We will first use the model that we trained in the previous session and we will visualize the weights of the first convolutional layer. You can either use the model you trained on CIFAR in the previous session, or load the model in models/pretrained_cifar10.h5.


In [ ]:
from keras.models import load_model
import time

model = load_model('../models/pretrained_cifar10.h5')

In [ ]:
model.layers

In [ ]:
import numpy as np

# get the weights from the first layer
weights = model.layers[0].get_weights()[0] # [0] to get weights and not biases
weights.shape

In [ ]:
import matplotlib.pyplot as plt  
%matplotlib inline
from utils import *

In [ ]:
def display_filters(weights):
    N = int(np.ceil(np.sqrt(weights.shape[3])))
    f, axarr = plt.subplots(N, N)

    p = 0
    for i in range(N):
        for j in range(N):

            # empty plot white when out of kernels to display
            if p >= weights.shape[3]:
                krnl = np.ones((weights.shape[0],weights.shape[1],3))
            else:
                if weights.shape[2] == 3: 
                    # rgb filters converted to gray
                     #krnl = 0.21*weights[:,:,0,p] + 0.72*weights[:,:,1,p] + 0.07*weights[:,:,2,p] 
                    krnl = weights[:,:,:,p]
                    axarr[i,j].imshow(krnl)
                else:
                    krnl = np.mean(weights[:,:,:,p],axis=2)
                    axarr[i,j].imshow(krnl,cmap='gray')
            axarr[i,j].axis('off')
            p+=1
    plt.show()

display_filters(weights)

Do you see any patterns? Maybe the filters don't say much, but we will probably understand this better if we display the activations of this filters when convolved with an an image. We will not do this right now, but it is something that you are welcome to try after the session, or on your own time.

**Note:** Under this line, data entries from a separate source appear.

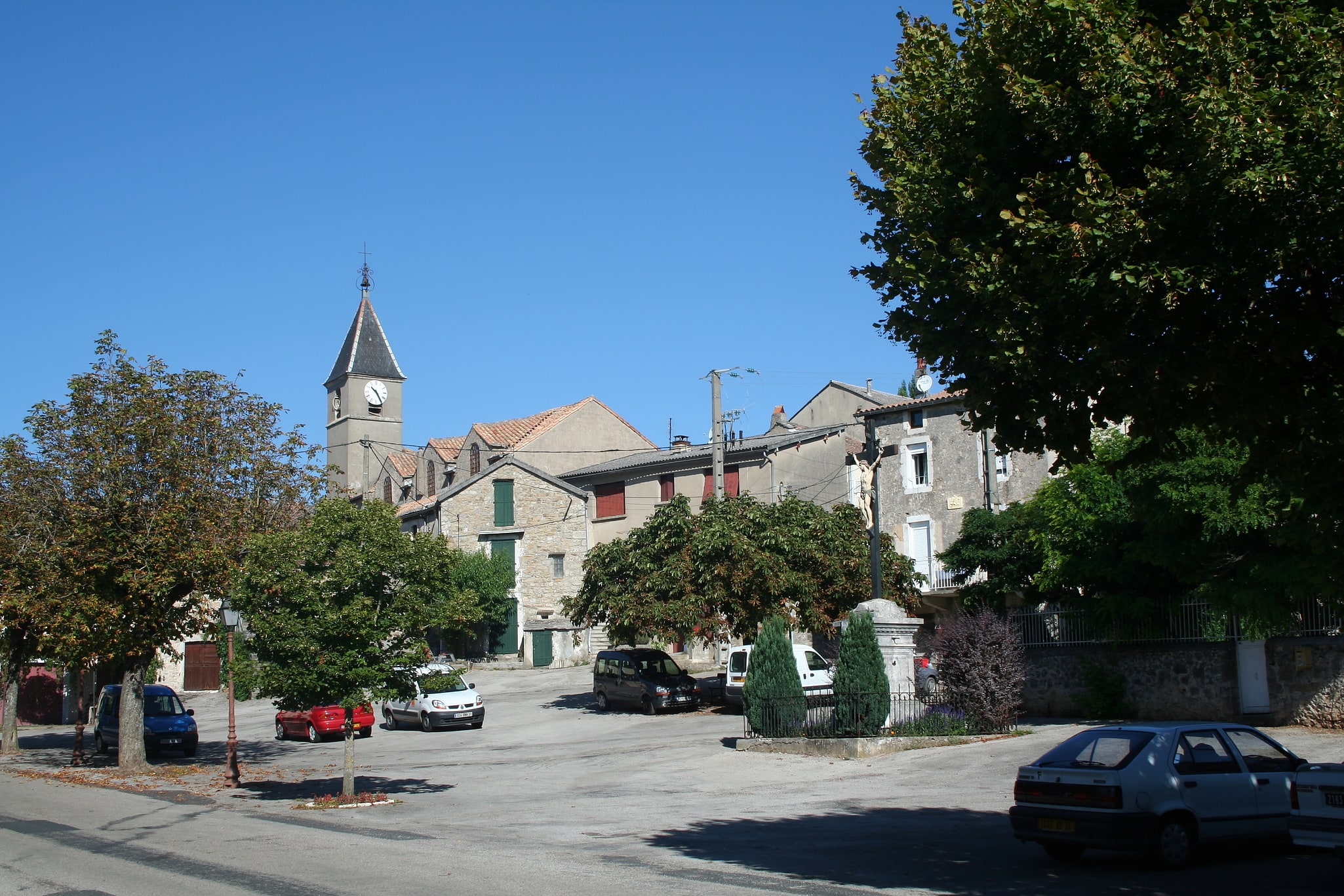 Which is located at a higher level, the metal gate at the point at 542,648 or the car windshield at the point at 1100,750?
the car windshield at the point at 1100,750

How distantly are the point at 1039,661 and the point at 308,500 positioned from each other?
688 inches

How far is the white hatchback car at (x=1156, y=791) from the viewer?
1015cm

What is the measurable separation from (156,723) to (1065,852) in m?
24.2

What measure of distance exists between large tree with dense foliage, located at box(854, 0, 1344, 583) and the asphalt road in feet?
13.5

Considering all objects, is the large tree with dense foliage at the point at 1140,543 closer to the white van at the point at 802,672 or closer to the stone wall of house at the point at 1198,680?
the stone wall of house at the point at 1198,680

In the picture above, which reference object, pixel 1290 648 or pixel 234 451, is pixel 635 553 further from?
pixel 1290 648

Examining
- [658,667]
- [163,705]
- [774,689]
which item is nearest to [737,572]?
[658,667]

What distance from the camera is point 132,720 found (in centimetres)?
2509

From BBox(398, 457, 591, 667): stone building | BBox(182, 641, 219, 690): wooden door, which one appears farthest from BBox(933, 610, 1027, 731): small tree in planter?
BBox(182, 641, 219, 690): wooden door

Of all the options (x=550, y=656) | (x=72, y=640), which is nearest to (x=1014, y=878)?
Answer: (x=72, y=640)

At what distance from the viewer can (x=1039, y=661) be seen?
26.0 m

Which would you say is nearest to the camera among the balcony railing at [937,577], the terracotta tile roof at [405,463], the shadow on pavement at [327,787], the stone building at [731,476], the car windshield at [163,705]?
the shadow on pavement at [327,787]

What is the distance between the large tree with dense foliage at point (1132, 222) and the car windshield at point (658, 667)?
23.0 metres

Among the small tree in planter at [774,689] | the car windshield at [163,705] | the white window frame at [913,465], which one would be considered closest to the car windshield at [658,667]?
the small tree in planter at [774,689]
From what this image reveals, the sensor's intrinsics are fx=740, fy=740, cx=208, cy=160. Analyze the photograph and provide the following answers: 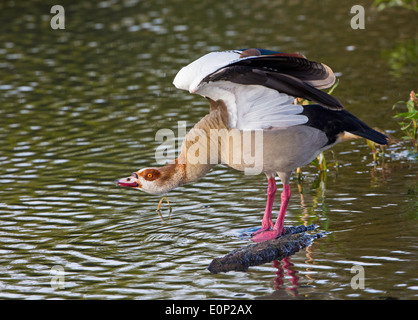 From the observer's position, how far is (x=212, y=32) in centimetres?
2277

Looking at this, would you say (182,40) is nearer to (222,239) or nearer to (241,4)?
(241,4)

Exercise: Repeat the same experiment with filters and activations from the second convolutional layer.


In [ ]:
i = 2 # position of the second conv layer in the network
# ...

Activations

We can also use the model's activations to our data samples to understand what the model learned. Let's first display the model to know the name of the layer we want to extract.


In [ ]:
model.summary()

Exercise: Set layer_name to the name of the last fully connected layer before the classifier. We will use this layer as a feature extractor.


In [ ]:
from keras.models import Model
layer_name = '...'
extractor = Model(input=model.input, output=model.get_layer(layer_name).output)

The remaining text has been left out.